The Śabdamaṇidarpaṇa is composed in kanda padya, a meter often employed in Kannada technical literature. Kēśirāja included his own gloss (vṛtti) along with the work. Later commentaries were also composed, such as the Sūtrānvayaratnamāle by Liṅgaṇārādhya (16th century CE) and the ṭīke ("commentary") of Niṣṭhūra (or Niṭṭūru) Nañjayya (18th century CE). There also exist modern commentaries, such as T.V. Venkatachalashastry's Darpaṇavivaraṇa. These attest to the work's enduring importance in the Kannada literary tradition.

==Mention of early poets==
The text of Sabdamanidarpanam starts with an invocation of the great Kannada poets of earlier generations who are considered as authorities by Kesiraja, as cited by him.

The expert way (sumārgam) of Gajaga, Gunanandi, Manasija, Asaga, Candrabhatta, Gunavarma, Srivijaya, Honna (Ponna), Hampa (Pampa), Sujanōttamsa - these provide the illustrative instances (lakshya) in this work.
In Shabdamanidarpanam, about twenty poets and thirty works are cited, and almost every rule is explained with quotations.
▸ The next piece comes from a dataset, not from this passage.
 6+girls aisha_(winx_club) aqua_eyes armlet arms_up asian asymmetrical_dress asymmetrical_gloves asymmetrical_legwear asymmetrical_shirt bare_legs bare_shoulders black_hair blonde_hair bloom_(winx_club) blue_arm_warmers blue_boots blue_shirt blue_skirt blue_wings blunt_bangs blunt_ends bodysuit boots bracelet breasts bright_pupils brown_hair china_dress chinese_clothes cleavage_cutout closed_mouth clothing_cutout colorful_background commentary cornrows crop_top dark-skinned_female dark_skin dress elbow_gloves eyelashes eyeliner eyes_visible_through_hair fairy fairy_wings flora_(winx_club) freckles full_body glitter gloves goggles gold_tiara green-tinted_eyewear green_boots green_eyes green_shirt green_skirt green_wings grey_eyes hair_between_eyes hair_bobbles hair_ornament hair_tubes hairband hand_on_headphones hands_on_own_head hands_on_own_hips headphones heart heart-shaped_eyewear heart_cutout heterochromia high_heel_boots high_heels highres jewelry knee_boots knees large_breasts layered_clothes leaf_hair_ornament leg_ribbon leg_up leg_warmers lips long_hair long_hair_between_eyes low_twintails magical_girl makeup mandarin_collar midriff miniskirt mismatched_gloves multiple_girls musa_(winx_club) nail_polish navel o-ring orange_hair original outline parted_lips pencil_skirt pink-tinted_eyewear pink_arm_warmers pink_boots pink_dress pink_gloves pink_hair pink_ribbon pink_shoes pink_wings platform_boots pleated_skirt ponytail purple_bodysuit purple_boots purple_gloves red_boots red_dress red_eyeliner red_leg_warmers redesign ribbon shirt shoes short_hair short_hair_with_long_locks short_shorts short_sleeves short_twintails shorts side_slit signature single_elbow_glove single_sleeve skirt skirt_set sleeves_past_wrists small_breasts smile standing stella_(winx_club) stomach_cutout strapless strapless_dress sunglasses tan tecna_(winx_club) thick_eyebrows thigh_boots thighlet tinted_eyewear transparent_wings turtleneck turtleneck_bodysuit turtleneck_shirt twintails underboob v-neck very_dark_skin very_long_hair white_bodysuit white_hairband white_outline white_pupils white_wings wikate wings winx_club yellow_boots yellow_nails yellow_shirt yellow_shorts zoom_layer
This work points out the Kannada language development in the preceding three centuries.
— Kesiraja (translated)

==Grammar topics==

===Significance of grammar===
In the very beginning of the Shabdamanidarpanam, in the preface section, Kesiraja explains the significance of Grammar in the context of a language and its learning:

Through grammar (correct) words originate; through the words of that grammar, meaning (originates); through meaning the beholding of truth; through the beholding of truth, the desired final beatitude; this (final beatitude) is the fruit for the learned.
— sūtra 10 of the Preface, Shabdamanidarpanam - Kesiraja

===Adjectives===
In one of the aphorisms (sūtra) of Shabdamanidarpanam, Kesiraja gives a list of forms ending in /-tu/ and /-du/ labelling them as guNavaachi (ಗುಣವಾಚಿ), the adjectives.

===Lexicography===
Shabdamanidarpanam is important from the view of lexicography. An attempt at lexicon-making is provided in several parts of the work. The work has the list of verbal roots and words containing ḷ and ḹ sounds. There is also a chapter called 'prayŌgasāra' where Kesiraja has quoted a number of rare words along with their meanings.

===Sound forms===
- Articulate sounds

By the wish of the individual soul, by means of suitable (vital) air, at the root of the navel, like a trumpet, the substance of sound (sabda- dravya) originates which is white (sveta, dhavala); its result is (articulate, aksharatmaka) sound (sabda); and: 'The body is the musical instrument, the tongue is the plectrum, the individual soul is the performer; on account of the operation of his mind (articulate) sound (sabda) originates which is of a white colour (dhavalavarna) and has the form of letters (aksharariipa).
— Ferdinand Kittel, translated from original Shabdamanidarpanam by Kesiraja.

- Inarticulate sounds

Inarticulate (anaksharatmaka) sounds, as thunder from the clouds or the roar of the sea, have no representations in grammatical alphabets.
— Ferdinand Kittel, translated from original Shabdamanidarpana by Kesiraja.